Le Sho: est une adaptation du Sheng chinois qui semble avoir été introduit au japon vers le VIII° siècle. Selon la légende, le son ainsi que la forme de cet instrument sont censés évoquer le phenix, l'oiseau mythique qui meurt en brulant et qui renaît de ses cendres. Le sho est composé de 17 pipes de bambous dont deux ne sont là que pour l'apparence et la symetrie de l'instrument. Les tuyaus sont fichés dans un bol de résonnance dans lequel souffle le joueur. L'air peut être inspiré ou expiré et provoque la vibration d'anche metallique située à la base des 15 tuyaux fonctionnels. L'air est également modulé par le doigté du joueur sur des orifices placés sur les tuyaux. Il est à noter que les trois tuyaux les plus court possèdent une sorte de capuchon en argent percé. Le sho est principalement utilisé pour le Gagaku au sein de l'orchestre traditionnel.
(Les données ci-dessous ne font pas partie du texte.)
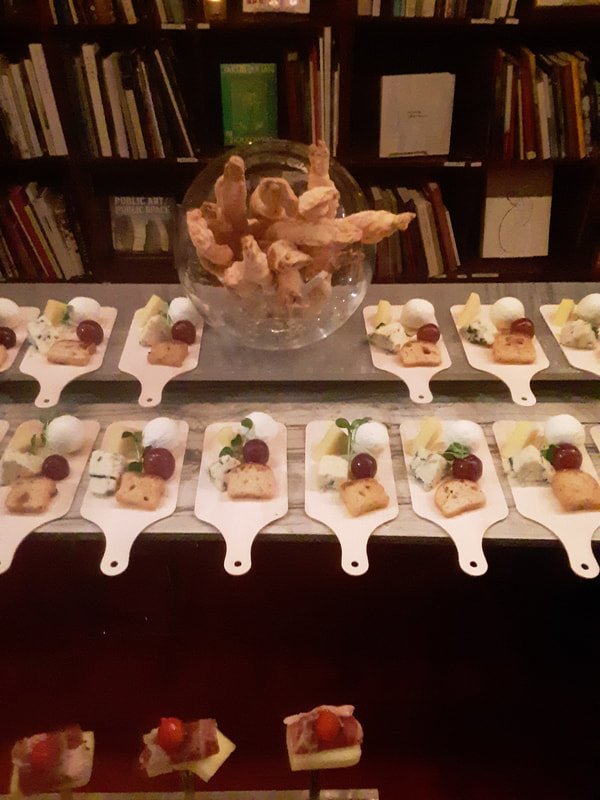 Mini cheese board hors d'oeuvres catered by Elegant Affairs NYC.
Le taiko: est en fait un terme générique pour désigner toutes les formes de tambours japonais. L'introduction, vers le VII° siècle, serait due à des muisciens coréens et chinois. La forme traditionnelle du taiko est un tonneau dont l'ouverture superieure est recouverte par une peau de cheval ou de daim. ce type de taiko est alors utilisé avec deux baguettes. C'est la forme la plus connue. Mais, il exite de nombreux autres taiko dont: l'ôdaiko, un grand tambour à deux faces décorées, le tsuri daiko, une sorte de gong, le kacko, un petit tambour utilisé dans le gagaku, le tsuzumi, un petit tambour à double face en forme de sablier et l'uchiwa daiko, un tambourin muni d'un manche.





Tsuri Daiko Kacko Tsuzumi




Uchiwa Daiko



Le mokugyo: est une sorte de bloc en bois fendu sur lequel on frappe avec un bâton ou un maillet. Il est surtout utilisé dans le Shômyô, musique qui accompagne les soutras, les textes liturgiques de la religion boudhiste. Son but est alors de marquer les moments importants de la cérémonie et de la lecture des textes. Dans les rites Zen, il a la forme d'un poisson enroulé sur lui même et il en porte d'ailleur le nom. Ceci est un symbole d'eveil car le poisson est un animal qui conserve les yeux ouverts même lorsqu'il est mort.







Note: Cette liste est loin d'être exhaustive. En effet, il existe bon nombre d'instruments traditionnels japonais et les présenter tous nécessiterait bien plus qu'une page Web. Le but de cet article est simplement de présenter les instruments les plus courants afin de diversifier le choix des joueurs et du mj dans l'interpretation d'un pj ou pnj musicien.